» **Exercise instructions**
Look through the data below and extract, unchanged, the lines from the one that contains "El tacón de" to the one that contains "JTMZFREV9JD133607 2018 TOYOTA", both included.

» **Information shown**
■ ■ ■ ■ ■
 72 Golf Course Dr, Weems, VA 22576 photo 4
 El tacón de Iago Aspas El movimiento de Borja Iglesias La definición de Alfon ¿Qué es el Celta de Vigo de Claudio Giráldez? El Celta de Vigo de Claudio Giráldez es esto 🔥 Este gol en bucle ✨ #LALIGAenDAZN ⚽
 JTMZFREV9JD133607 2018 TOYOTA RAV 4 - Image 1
■ ■ ■ ■ ■
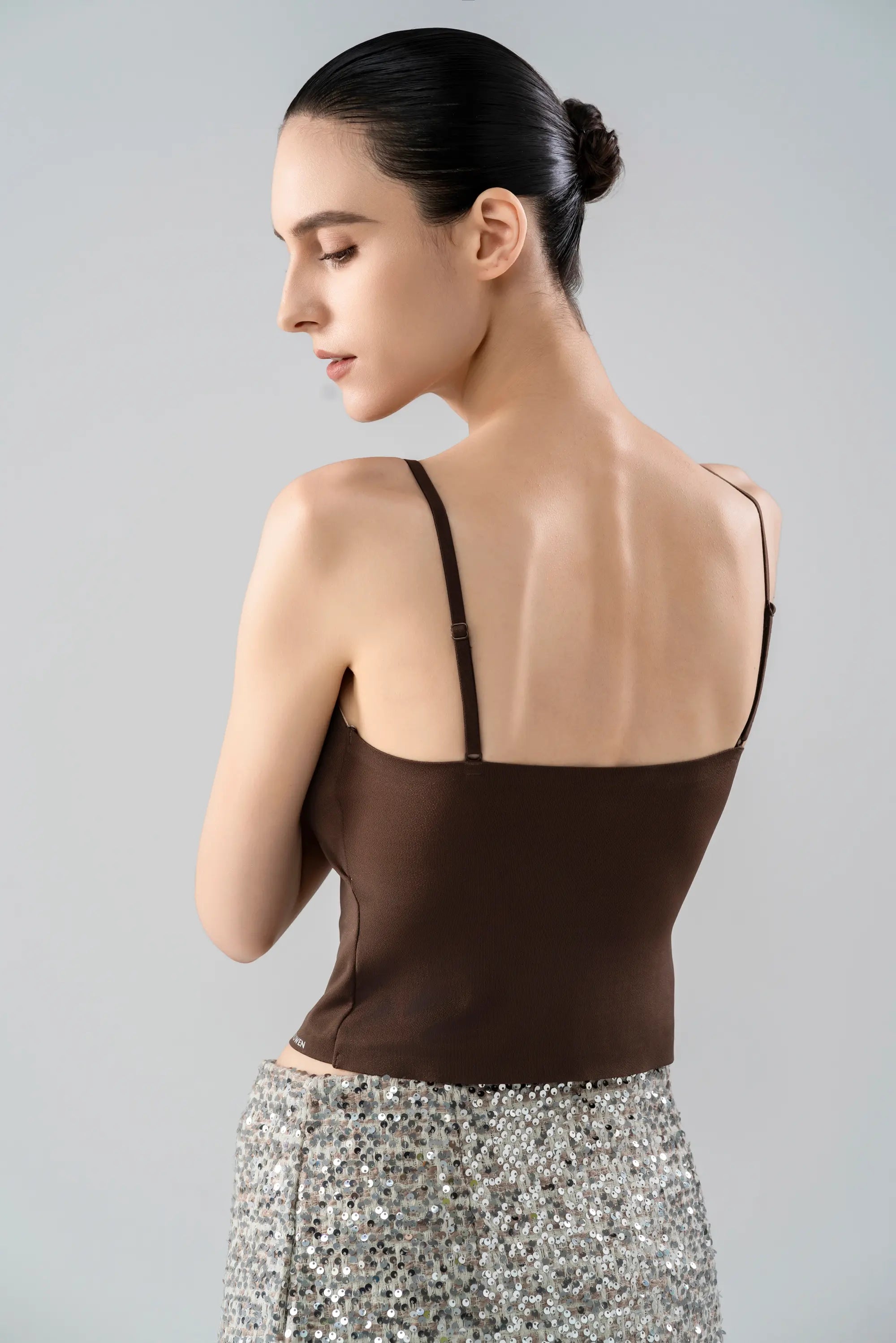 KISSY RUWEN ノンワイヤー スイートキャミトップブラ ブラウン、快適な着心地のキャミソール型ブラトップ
■ ■ ■ ■ ■
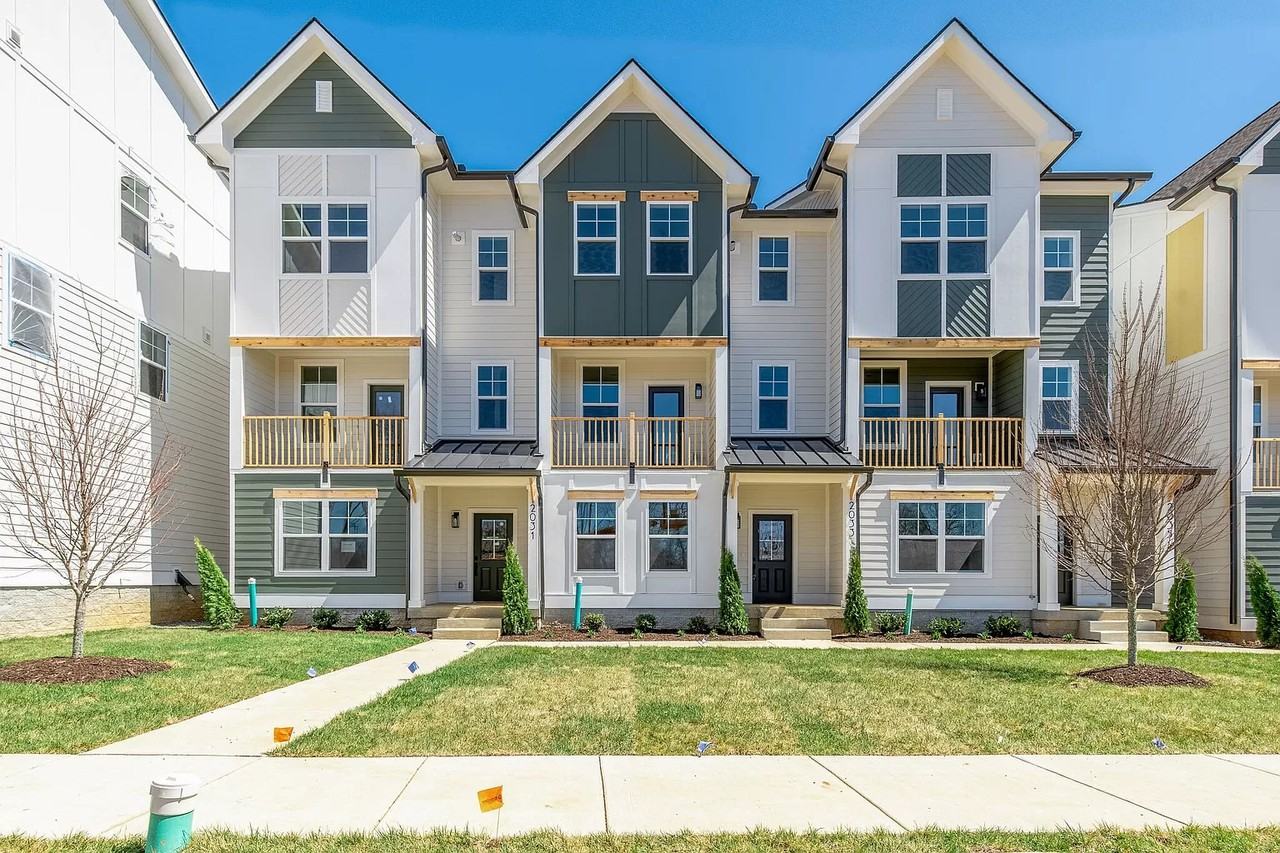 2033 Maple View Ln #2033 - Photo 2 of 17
■ ■ ■ ■ ■
» **The answer**
 El tacón de Iago Aspas El movimiento de Borja Iglesias La definición de Alfon ¿Qué es el Celta de Vigo de Claudio Giráldez? El Celta de Vigo de Claudio Giráldez es esto 🔥 Este gol en bucle ✨ #LALIGAenDAZN ⚽
 JTMZFREV9JD133607 2018 TOYOTA RAV 4 - Image 1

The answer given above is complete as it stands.